In the Source field, enter the name of the string field where the value should be submitted to the model for encoding. If the field is blank or does not exist, this stage is not processed. Template expressions are supported.
In the Destination field, enter the name of the field where the vector value from the model response is saved.

If a value is entered in this field, the following information is added to the document:

{Destination Field} is the vector field.
{Destination Field}_b is the boolean value if the vector has been indexed.

In the Use Case Configuration section, click the + sign to enter the parameter name and value to send to Lucidworks AI. The useCaseConfig parameter that is common to embedding use cases is dataType, but each use case may have other parameters. The value for the query stage is query.
Optionally, you can use the Model Configuration section for any additional parameters you want to send to Lucidworks AI. Several modelConfig parameters are common to generative AI use cases. For more information, see Prediction API.
Select the Fail on Error checkbox to generate an exception if an error occurs while generating a prediction for a document.
Click Save.
Index data using the new pipeline. Verify the vector field is indexed by confirming the field is present in documents.

For reference information, see Lucidworks AI Vectorize Field.

Configure the LWAI Vectorize Query stage

To vectorize the query in the query pipeline:

Sign in to Fusion and click Querying > Query Pipelines.
Select the pipeline you want to use.
Click Add a new pipeline stage.
Click LWAI Vectorize Query.
In the Label field, enter a unique identifier for this stage.
In the Condition field, enter a script that results in true or false, which determines if the stage should process.
Select Asynchronous Execution Config if you want to run this stage asynchronously. If this field is enabled, complete the following fields:
1. Select Enable Async Execution. Fusion automatically assigns an Async ID value to this stage. Change this to a more memorable string that describes the asynchronous stages you are merging, such as signals or access_control.
2. Copy the Async ID value.
  For detailed information, see Asynchronous query pipeline processing.
In the Account Name field, select the name of the Lucidworks AI account.
In the Model field, select the Lucidworks AI model to use for encoding. If you do not see any model names and you are a non-admin Fusion user, verify with a Fusion administrator that your user account has these permissions: PUT,POST,GET:/LWAI-ACCOUNT-NAME/** Your Fusion account name must match the name of the account that you selected in the Account Name dropdown. For more information about models, see:
- Pre-trained embedding models
- Custom embedding model training
In the Query Input field, enter the location from which the query is retrieved.
In the Output context variable field, enter the name of the variable where the vector value from the response is saved.
In the Use Case Configuration section, click the + sign to enter the parameter name and value to send to Lucidworks AI. The useCaseConfig parameter that is common to embedding use cases is dataType, but each use case may have other parameters. The value for the query stage is query.
Optionally, you can use the Model Configuration section for any additional parameters you want to send to Lucidworks AI. Several modelConfig parameters are common to generative AI use cases. For more information, see Prediction API.
Select the Fail on Error checkbox to generate an exception if an error occurs during this stage.
Click Save.

The Top K setting is set to 100 by default. We recommend leaving this as 100 or setting it to 200.
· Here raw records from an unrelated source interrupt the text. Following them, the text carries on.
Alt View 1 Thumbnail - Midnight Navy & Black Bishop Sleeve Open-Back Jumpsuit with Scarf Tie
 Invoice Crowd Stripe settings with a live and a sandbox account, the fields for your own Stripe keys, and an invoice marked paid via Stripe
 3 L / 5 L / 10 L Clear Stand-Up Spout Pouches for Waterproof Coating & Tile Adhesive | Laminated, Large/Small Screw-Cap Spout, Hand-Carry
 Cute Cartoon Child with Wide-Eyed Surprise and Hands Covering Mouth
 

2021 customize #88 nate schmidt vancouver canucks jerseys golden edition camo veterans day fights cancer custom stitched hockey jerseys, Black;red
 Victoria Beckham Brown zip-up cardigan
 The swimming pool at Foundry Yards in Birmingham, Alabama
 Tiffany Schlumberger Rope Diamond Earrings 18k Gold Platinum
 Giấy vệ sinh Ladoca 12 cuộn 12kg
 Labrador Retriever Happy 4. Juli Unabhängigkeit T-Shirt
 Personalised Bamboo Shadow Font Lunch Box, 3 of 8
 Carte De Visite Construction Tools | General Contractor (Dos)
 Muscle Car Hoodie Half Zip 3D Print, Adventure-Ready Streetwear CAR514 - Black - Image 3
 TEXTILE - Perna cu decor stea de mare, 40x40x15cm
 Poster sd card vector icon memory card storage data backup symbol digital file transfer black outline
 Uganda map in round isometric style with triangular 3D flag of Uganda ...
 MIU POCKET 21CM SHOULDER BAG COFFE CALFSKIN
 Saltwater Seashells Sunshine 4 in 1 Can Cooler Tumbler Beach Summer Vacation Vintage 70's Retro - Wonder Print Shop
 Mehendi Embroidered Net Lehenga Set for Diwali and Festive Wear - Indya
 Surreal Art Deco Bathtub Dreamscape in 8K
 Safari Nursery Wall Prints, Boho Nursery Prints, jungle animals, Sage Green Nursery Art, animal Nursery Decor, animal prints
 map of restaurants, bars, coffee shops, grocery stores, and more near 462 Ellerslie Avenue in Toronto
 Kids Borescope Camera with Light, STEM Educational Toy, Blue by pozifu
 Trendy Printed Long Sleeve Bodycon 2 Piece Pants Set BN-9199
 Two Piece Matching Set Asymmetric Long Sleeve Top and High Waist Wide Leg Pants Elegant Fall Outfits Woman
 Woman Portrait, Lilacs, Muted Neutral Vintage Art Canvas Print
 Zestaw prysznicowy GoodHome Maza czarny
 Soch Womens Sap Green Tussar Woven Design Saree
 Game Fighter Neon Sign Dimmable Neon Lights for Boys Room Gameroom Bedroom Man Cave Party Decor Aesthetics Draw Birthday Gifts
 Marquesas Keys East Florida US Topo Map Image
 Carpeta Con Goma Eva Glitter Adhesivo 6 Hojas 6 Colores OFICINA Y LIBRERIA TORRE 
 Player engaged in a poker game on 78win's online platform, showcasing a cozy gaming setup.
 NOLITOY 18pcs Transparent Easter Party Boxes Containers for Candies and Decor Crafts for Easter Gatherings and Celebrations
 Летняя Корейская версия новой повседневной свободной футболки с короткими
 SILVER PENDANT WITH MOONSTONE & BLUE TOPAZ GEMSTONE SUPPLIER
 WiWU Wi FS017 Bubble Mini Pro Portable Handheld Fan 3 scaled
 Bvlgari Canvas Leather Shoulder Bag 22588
This query stage must be placed before the Solr Query stage.

Using additional pipeline stagesVector Search does not support all available pipeline stages. At minimum, use the Solr Query and LWAI Vectorize Query stages. Do not use the Query Fields stage when setting up vector search.

Modify Solr managed-schema (5.9.4 and earlier)

This step is required if you’re migrating a collection from a version of Fusion that does not support Neural Hybrid Search. If creating a new collection in Fusion 5.9.5 and later, you can continue to Configure Hybrid Query stage.

Go to System > Solr Config and then click managed-schema to edit it.
Comment out <copyField dest="\_text_" source="*"/> and add <copyField dest="text" source="*_t"/> below it. This will concatenate and index all *_t fields.

Add the following code block to the managed-schema file:

<fieldType class="solr.DenseVectorField" hnswBeamWidth=“200"
    hnswMaxConnections="45” name="knn_DIM_vector" similarityFunction="cosine"
    vectorDimension="DIM"/>
<dynamicField docValues="false" indexed="true" multiValued="false" name="*_512v"
      required="false" stored="true" type="knn_DIM_vector"/>

This example uses 512 vector dimension. If your model uses a different dimension, modify the code block to match your model. For example, _1024v. There is no limitation on supported vector dimensions.

Configure neural hybrid queries

In Fusion 5.9.10 and later, you use the Neural Hybrid Query stage to configure neural hybrid queries. In Fusion 5.9.9 and earlier, you use the Hybrid Query stage.

Configure Neural Hybrid Query stage (5.9.10 and later)

In the same query pipeline where you configured vector search, click Add a new pipeline stage, then select Neural Hybrid Query.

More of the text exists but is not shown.